SHARON WALSH, office manager, Watertown, Mass.:

He’s running our great-grandchildren into the ground with his tax policies.
I’ve worked since I was 14, and I don’t want someone telling me I should share my wealth.

I’m waiting to see what he does in Iraq. We have to do a pullout strategically or our kids will have died for nothing.”

Angel stadium / Anaheim, Calif.

ED and LILL GRABOWSKI, retirees who own a commercial building:

ED: “With the stimulus package and the bailouts he’s given, there’s going to be so much money owed by our kids and our grandkids.”
LILL: “Nationalization is socialism. GM failed years ago. And they should fail now.”

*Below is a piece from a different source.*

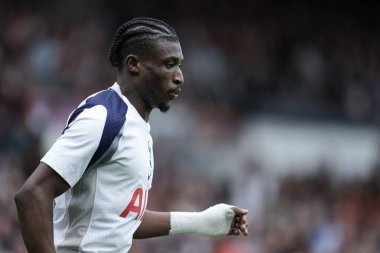 Tottenham Hotspur 'dan Mohammed Kudus, 26 Temmuz 2025' te Luton Town ile Tottenham Hotspur arasında oynanan karşılaşma sırasında İngiltere 'nin başkenti Luton' da oynanmıştır.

MICHAEL ENGLERT, school administrator:

“My primary concern is the amount of money being spent, that we don’t have, by way of bailouts. I believe that one of the things a bad economy does is weed out either those individuals or businesses that aren’t doing their job well.”

CAROL JACOBS, retiree:

“He may be doing too much. Because he’s taken on so many things that need to be fixed, it’s hard to focus on just one thing.”

RODNEY GARLAND, driver of a hazardous-waste truck:

“I give him … credit [for] trying something [on the economy]. I’m not going to knock him about that. I’d rather he tried than not do anything.”

KAUFFMAN stadium / Kansas city, MO.

FRANK WILLIAMS, emergency medical technician:

”The people that he’s got in his cabinet – to me, he’s picked A-plus people.... But I want to see results. He’s got a lot of good ideas. I just hope they actually pan out.”
PATSY HART, manager of a Catholic church in Omaha, Neb.:

He’s got so many fingers in the pie right now that I’m not sure he really knows how things are going, but he seems very confident. And I like the fact that he made it over to Iraq to see the troops. I like the fact that Michelle is very supportive of the military, since we’re retired military. With all the negativity, people have to give him a chance. Why shoot him down when he hasn’t had a chance to even do anything?
CARLOTTA PARHAM, accountant, Oklahoma City, Okla.:

“I would like to see him be a little more aggressive with the people in the banks and Wall Street, but I think he’s taking his time and thinking about what he’s doing.”
“Of course, I think the fact that he’s bringing our troops home is a good thing. As a mom with young men who might have to go overseas and fight, I think the fact that he’s taken under consideration bringing those kids home is a good thing.”